# Thanks to Chuck Fellows



## chucketn (Mar 10, 2015)

I wanted to post to thank Chuck Fellows for his thread on the Arduino based Dividing Head/Rotary Table Controller project. I built his controller and applied it to my Vertex 4" Rotary Table and this afternoon used it to cut a pair of 46 tooth change gears for my buddy's Atlas lathe.
I have attached pics of the RT setup and the rough gears as they came off the mandrel. I still need to package the controller in a case to protect it in the shop, and of course the gears need fettling. 
Thanks again to Chuck for sharing his creative abilities and opening doors for us lesser mortals!

Chuck


----------



## xpylonracer (Mar 11, 2015)

Hi Chuck

Did you buy all the electronic parts in from local supplier ?
I have become a bit confused with the rotary table/ arduino projects listed on the forum, what is the title for the original Chuck Fellows build ?
Thanks, Emgee


----------



## rodw (Mar 11, 2015)

xpylonracer said:


> Hi Chuck
> 
> Did you buy all the electronic parts in from local supplier ?
> I have become a bit confused with the rotary table/ arduino projects listed on the forum, what is the title for the original Chuck Fellows build ?
> Thanks, Emgee



This is Chucks' s original thread http://www.homemodelenginemachinist.com/showthread.php?t=17896

And this is my chuck fellowes inspired version that has a more sophisticated, higher performance interrupt driven interface. All the downloads are at the top of the first post.
http://www.homemodelenginemachinist.com/showthread.php?t=24118

I even left Chuck's name in the file name in his honour


----------



## chucketn (Mar 11, 2015)

xpylonracer said:


> Hi Chuck
> 
> Did you buy all the electronic parts in from local supplier ?
> I have become a bit confused with the rotary table/ arduino projects listed on the forum, what is the title for the original Chuck Fellows build ?
> Thanks, Emgee


 
I ordered the Arduino Uno, the display shield with buttons, stepper driver, and stepper from E-bay. I made the adapter for the stepper to the Rotary Table. The cutter is also home made. I turned a straight concentric ring hob from Drill Rod, gashed it to make teeth, and hardened it.
My second set of gears didn't come out as good. The Arduino was being powered from a 9v battery and the battery died mid stream. The Arduino started changing values, stopped responding several times. 
I had to stop several times and reenter the # of steps. one time the # of steps changed arbitrarily.
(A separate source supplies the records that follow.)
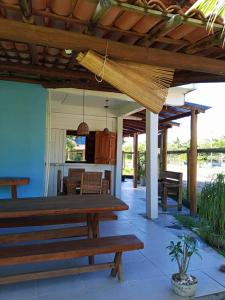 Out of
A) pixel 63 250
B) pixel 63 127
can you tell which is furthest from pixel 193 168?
pixel 63 250

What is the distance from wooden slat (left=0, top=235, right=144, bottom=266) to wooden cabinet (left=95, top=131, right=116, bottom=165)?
196 inches

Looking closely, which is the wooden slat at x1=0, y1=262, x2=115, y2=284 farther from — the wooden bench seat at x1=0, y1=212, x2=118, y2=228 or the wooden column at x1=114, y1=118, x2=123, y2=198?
the wooden column at x1=114, y1=118, x2=123, y2=198

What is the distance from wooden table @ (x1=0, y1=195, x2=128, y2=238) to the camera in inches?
97.4

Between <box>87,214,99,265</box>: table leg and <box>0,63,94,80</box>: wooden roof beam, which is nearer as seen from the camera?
<box>87,214,99,265</box>: table leg

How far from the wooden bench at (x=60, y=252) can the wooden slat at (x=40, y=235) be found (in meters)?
0.29

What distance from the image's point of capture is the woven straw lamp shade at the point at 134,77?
2287 mm

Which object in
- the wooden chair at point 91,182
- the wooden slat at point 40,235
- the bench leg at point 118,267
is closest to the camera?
the bench leg at point 118,267

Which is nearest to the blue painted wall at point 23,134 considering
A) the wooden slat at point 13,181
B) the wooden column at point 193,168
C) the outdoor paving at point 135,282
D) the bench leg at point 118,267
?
the wooden slat at point 13,181

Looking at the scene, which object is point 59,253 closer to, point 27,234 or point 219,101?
point 27,234

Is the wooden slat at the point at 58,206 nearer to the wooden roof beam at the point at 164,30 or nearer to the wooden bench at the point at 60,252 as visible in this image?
the wooden bench at the point at 60,252

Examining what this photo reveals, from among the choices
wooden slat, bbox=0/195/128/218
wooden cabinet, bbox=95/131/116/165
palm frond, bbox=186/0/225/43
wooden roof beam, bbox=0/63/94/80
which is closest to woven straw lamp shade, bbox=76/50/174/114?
palm frond, bbox=186/0/225/43

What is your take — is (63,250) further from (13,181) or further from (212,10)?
(212,10)

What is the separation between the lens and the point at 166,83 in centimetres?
260

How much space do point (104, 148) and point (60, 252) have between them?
5370 millimetres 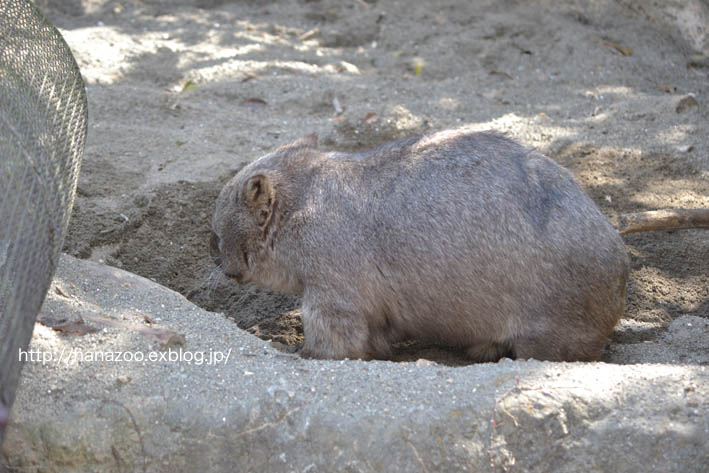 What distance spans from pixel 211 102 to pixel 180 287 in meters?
2.21

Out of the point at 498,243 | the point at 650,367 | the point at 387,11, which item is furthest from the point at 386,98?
the point at 650,367

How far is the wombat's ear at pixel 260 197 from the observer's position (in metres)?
3.91

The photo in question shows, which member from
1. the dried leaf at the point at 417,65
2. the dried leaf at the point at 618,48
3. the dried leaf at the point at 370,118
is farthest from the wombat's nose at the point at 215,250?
the dried leaf at the point at 618,48

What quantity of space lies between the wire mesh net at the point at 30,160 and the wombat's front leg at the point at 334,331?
1222 mm

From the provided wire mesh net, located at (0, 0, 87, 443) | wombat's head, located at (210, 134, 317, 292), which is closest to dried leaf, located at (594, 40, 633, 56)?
wombat's head, located at (210, 134, 317, 292)

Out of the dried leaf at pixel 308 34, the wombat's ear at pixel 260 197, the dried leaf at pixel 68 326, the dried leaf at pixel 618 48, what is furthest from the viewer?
the dried leaf at pixel 308 34

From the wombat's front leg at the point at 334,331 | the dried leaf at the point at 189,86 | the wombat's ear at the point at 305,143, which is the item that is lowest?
the wombat's front leg at the point at 334,331

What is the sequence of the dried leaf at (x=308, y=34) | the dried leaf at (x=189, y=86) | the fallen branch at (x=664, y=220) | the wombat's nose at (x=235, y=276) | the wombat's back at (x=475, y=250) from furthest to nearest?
the dried leaf at (x=308, y=34) < the dried leaf at (x=189, y=86) < the fallen branch at (x=664, y=220) < the wombat's nose at (x=235, y=276) < the wombat's back at (x=475, y=250)

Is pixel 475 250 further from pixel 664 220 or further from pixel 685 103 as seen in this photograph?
pixel 685 103

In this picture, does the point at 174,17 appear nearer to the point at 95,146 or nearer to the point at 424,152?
the point at 95,146

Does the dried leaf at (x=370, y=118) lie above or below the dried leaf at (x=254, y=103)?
below

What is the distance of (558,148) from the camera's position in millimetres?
5688

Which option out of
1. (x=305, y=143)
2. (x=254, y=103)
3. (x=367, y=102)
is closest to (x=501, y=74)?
(x=367, y=102)

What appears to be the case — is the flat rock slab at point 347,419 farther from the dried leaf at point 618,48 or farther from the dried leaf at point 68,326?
the dried leaf at point 618,48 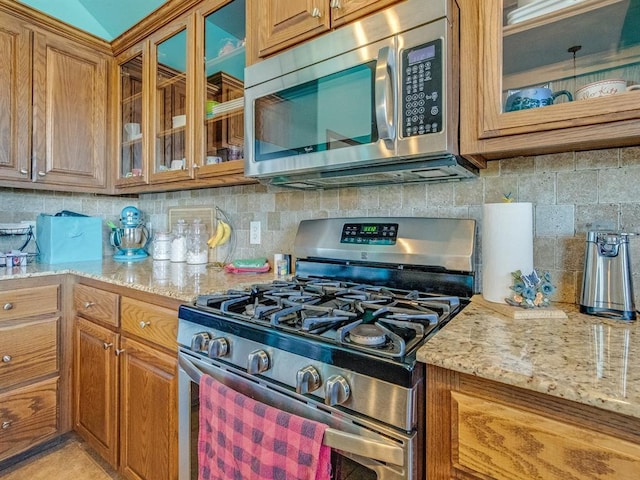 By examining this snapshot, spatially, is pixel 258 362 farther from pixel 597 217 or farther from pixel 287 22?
pixel 287 22

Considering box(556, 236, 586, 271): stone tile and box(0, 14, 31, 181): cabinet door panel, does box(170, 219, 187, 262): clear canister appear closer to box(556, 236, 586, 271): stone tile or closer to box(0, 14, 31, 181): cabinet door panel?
box(0, 14, 31, 181): cabinet door panel

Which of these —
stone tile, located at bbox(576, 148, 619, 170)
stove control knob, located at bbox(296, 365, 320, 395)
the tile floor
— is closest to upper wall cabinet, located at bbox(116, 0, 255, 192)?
stove control knob, located at bbox(296, 365, 320, 395)

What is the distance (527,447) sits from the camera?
58 centimetres

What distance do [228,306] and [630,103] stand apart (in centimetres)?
111

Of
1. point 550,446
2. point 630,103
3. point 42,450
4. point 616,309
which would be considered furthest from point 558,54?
point 42,450

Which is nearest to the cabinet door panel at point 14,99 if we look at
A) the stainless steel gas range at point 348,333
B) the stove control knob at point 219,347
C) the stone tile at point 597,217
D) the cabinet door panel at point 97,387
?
the cabinet door panel at point 97,387

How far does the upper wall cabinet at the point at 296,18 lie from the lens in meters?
1.13

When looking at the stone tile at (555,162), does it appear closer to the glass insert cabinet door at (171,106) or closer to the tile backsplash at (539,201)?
the tile backsplash at (539,201)

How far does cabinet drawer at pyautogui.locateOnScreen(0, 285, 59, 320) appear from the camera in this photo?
61.2 inches

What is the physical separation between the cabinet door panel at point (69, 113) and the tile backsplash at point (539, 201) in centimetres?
114

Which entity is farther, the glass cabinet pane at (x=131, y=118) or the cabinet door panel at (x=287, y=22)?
the glass cabinet pane at (x=131, y=118)

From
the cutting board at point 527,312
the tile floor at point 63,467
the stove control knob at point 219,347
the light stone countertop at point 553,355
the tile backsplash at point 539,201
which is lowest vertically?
the tile floor at point 63,467

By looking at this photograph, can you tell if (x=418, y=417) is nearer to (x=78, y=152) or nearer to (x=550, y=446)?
(x=550, y=446)

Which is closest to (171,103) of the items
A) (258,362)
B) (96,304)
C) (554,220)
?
(96,304) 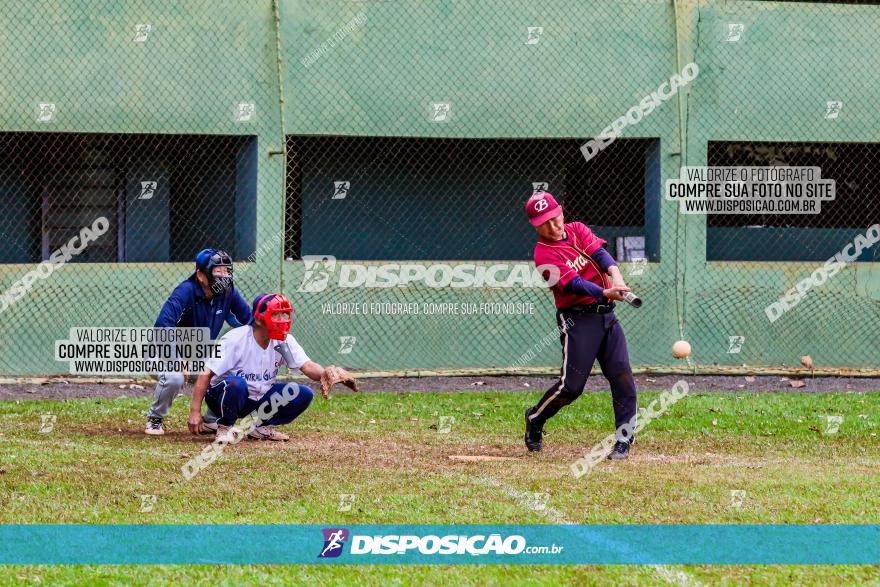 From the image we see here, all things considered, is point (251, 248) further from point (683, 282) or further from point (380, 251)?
point (683, 282)

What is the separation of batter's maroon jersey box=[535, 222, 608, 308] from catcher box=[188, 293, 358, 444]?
73.5 inches

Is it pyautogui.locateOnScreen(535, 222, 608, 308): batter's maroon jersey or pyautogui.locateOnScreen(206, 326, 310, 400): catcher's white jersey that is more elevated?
pyautogui.locateOnScreen(535, 222, 608, 308): batter's maroon jersey

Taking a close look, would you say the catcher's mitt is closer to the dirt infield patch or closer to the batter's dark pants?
the batter's dark pants

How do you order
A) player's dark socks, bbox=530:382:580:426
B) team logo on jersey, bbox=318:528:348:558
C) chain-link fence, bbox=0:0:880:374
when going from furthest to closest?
chain-link fence, bbox=0:0:880:374 → player's dark socks, bbox=530:382:580:426 → team logo on jersey, bbox=318:528:348:558

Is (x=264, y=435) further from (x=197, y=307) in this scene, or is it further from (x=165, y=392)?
(x=197, y=307)

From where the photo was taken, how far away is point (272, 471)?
8359 mm

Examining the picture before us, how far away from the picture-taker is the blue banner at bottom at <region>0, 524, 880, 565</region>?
5.88 meters

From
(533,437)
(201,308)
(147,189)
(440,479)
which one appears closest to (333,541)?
(440,479)

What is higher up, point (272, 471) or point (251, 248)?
point (251, 248)

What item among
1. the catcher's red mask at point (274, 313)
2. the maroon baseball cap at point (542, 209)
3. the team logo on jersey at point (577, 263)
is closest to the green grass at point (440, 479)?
the catcher's red mask at point (274, 313)

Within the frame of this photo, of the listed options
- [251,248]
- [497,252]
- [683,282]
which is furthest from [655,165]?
[251,248]

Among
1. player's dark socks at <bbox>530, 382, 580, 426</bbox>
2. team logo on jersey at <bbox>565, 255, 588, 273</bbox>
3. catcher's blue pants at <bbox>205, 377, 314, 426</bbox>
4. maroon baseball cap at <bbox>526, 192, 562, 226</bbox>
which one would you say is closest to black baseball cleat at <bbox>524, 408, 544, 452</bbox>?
player's dark socks at <bbox>530, 382, 580, 426</bbox>

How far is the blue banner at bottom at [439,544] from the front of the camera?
5879 mm

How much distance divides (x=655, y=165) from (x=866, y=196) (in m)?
3.73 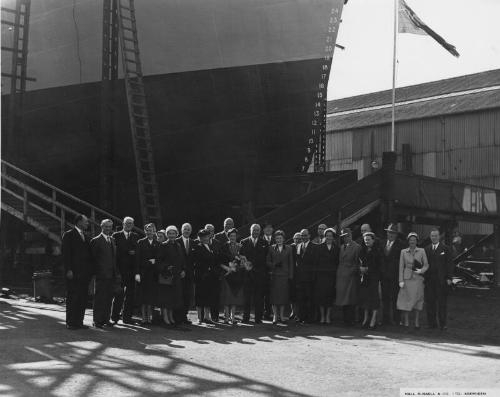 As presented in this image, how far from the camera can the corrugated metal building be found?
88.1ft

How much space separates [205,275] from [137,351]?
2669mm

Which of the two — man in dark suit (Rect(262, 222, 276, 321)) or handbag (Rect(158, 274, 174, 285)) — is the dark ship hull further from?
handbag (Rect(158, 274, 174, 285))

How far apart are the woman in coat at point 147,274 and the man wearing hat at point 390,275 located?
3.33 meters

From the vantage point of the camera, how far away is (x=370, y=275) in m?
9.41

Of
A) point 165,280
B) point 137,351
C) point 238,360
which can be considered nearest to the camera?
point 238,360

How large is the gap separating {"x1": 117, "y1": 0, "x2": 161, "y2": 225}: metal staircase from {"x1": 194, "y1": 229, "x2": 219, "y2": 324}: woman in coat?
351 cm

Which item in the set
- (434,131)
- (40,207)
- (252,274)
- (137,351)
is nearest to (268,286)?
(252,274)

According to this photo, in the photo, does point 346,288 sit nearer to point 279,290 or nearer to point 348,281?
point 348,281

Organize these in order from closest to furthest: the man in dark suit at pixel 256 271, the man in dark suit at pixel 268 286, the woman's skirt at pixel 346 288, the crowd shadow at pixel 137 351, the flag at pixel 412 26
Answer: the crowd shadow at pixel 137 351, the woman's skirt at pixel 346 288, the man in dark suit at pixel 256 271, the man in dark suit at pixel 268 286, the flag at pixel 412 26

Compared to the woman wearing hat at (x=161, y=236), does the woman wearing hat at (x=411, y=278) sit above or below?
below

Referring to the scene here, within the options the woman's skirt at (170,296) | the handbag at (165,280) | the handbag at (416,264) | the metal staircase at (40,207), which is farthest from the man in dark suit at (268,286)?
the metal staircase at (40,207)

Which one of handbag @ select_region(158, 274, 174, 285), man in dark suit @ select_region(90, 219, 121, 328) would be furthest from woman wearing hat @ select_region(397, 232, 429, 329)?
man in dark suit @ select_region(90, 219, 121, 328)

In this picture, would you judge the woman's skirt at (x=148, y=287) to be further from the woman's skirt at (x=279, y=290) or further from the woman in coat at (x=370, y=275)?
the woman in coat at (x=370, y=275)

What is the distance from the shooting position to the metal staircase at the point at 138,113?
13078 mm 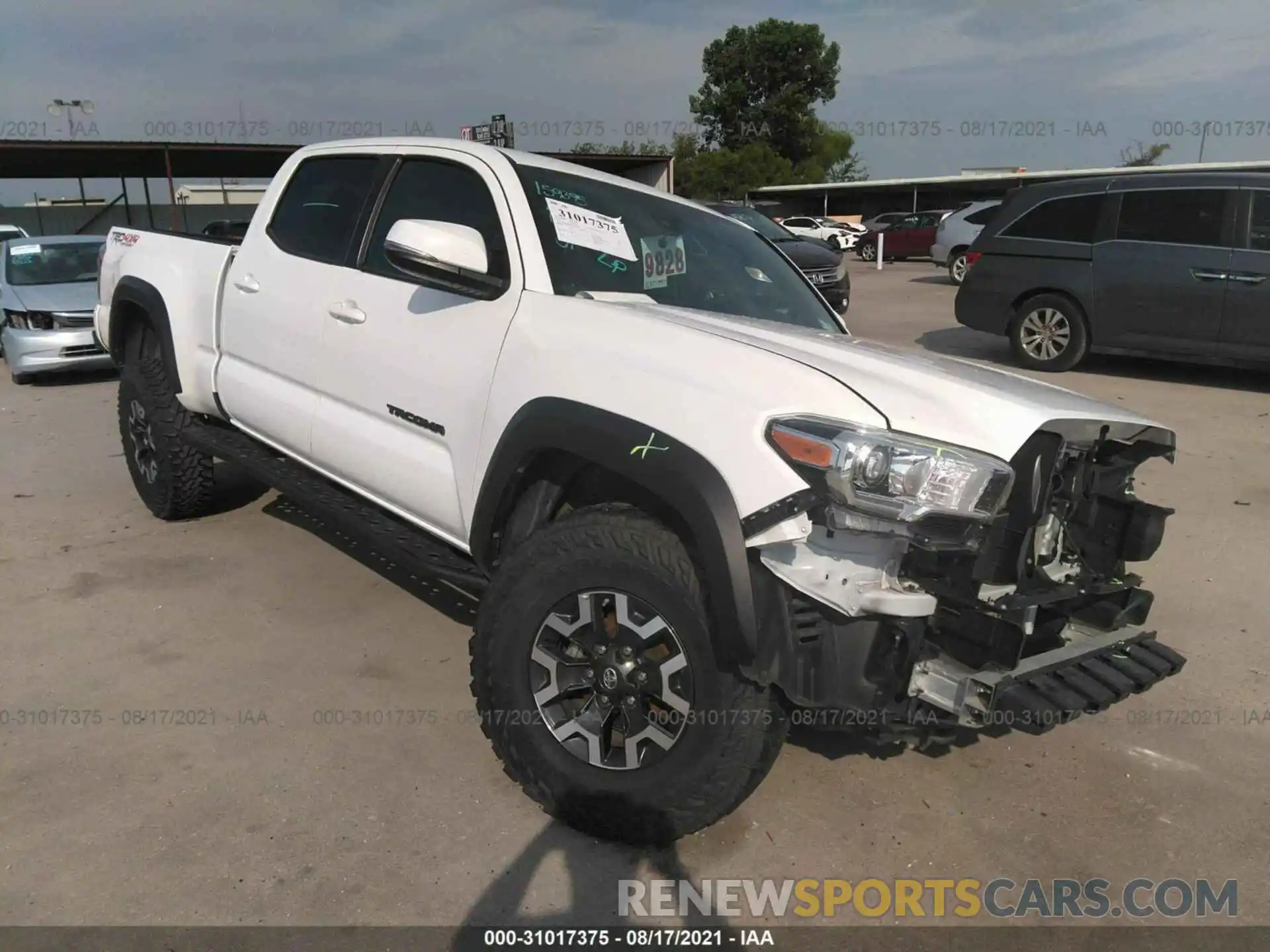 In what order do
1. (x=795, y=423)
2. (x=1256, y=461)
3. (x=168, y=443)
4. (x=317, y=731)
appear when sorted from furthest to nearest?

At the end of the gear, the display went blank but it kept moving the RT. Everything looked good until the final cut. Always happens that way, doesn't it?So, I'll take it inside and reload it. I configured 5vdc wall wart to power the Arduino in the shop. I'll play with it some more before trying another gear.
I have a big button module on order, hard to hit those little buttons...

Chuck


----------



## chucketn (Mar 16, 2015)

Reloaded the Real Arduino Uno and successfully made a 56 tooth gear. Life is good.

Chuck


----------



## chucketn (Mar 22, 2015)

Again, I'd like to thank Chuck for posting his RT/Dividing head project. I have now used it to produce 7 of 8 change gears needed by my bud for his Atlas lathe.
In producing these gears, I have found the need for a couple of additions to Chuck's method. One, I would like to be  able to enter the # of divisions from a keypad rather than press a button 64 times to create a 64 tooth gear. 
Second, I found the need to be able to reset the current count of divisions a handy feature. I created the hears with a straight hobb on my mill. This presented the need to be able to reset the count as the best result was obtained by stepping one direction for x teeth + 3 steps while cutting to 1/2 whole depth, and then cutting in the reverse direction, cutting to whole depth.

Chuck


----------



## Twizseven (Mar 23, 2015)

Hi Chuck,

That looks good.  What make/model/size of stepper motor are you using.  Also what make/model of stepper driver are you using.  Did they come from the same Ebay supplier, if so who did you use. I have an Arduino running the Chuck Fellows software but have not sourced suitable stepper motor or driver to use with it.  I have a vertex 4" RT which I intend to use.

Many Thanks,

Colin


----------



## chucketn (Mar 23, 2015)

Colin, the stepper and driver came from e-bay. The stepper is from CIRCUIT SPECIALISTS, their 57BYGH310 at $28.89. The stepper driver is a TB6560,  that I purchased from e-bay years ago for another project. The Stepper is a NEMA 23. Chuck F's thread has more specs on them. I power the driver with a wall wart salvaged from some electronic devise. I believe it's 18 volt.
My X2 has X axis power feed that made the job a lot easier. The cutting tool is a concentric ring hobb made from drill rod or silver steel. I ground a lathe tool to fit a tooth profile on a sample gear, turned, gashed and hardened the hobb. The same hobb cut all the gears without re-sharpening, but could probably use it now.

Chuck


----------



## Twizseven (Mar 23, 2015)

Chuck,  Thanks for a quick response.

Have now got a driver and stepper motor ordered.  Just need time now.

Rgds,

Colin


----------



## chucketn (Mar 24, 2015)

Well, the gears are done. Finished the 96 tooth today. My bud will have to cut the double key in them, I'm wore out. Grass is getting tall enough to hide my two Chug pups, so I've got to get after that and a million other outside chores before the cool down this weekend.
Again, thanks to Chuck Fellows!

Chuck


----------



## Twizseven (Mar 25, 2015)

Chuck,
What settings did you use on the TB6560 as regards current, stop current, steps (excitation), decay.  I have a 220nm stepper (8-wire) with voltage of 7.5v and current of 2.5amp/phase and resistance 3 ohm/phase.  So not a lot different to yours.   I intend using one of the many spare laptop PSU's I have around.  These are Toshiba 19.5v at 4.62 Amps.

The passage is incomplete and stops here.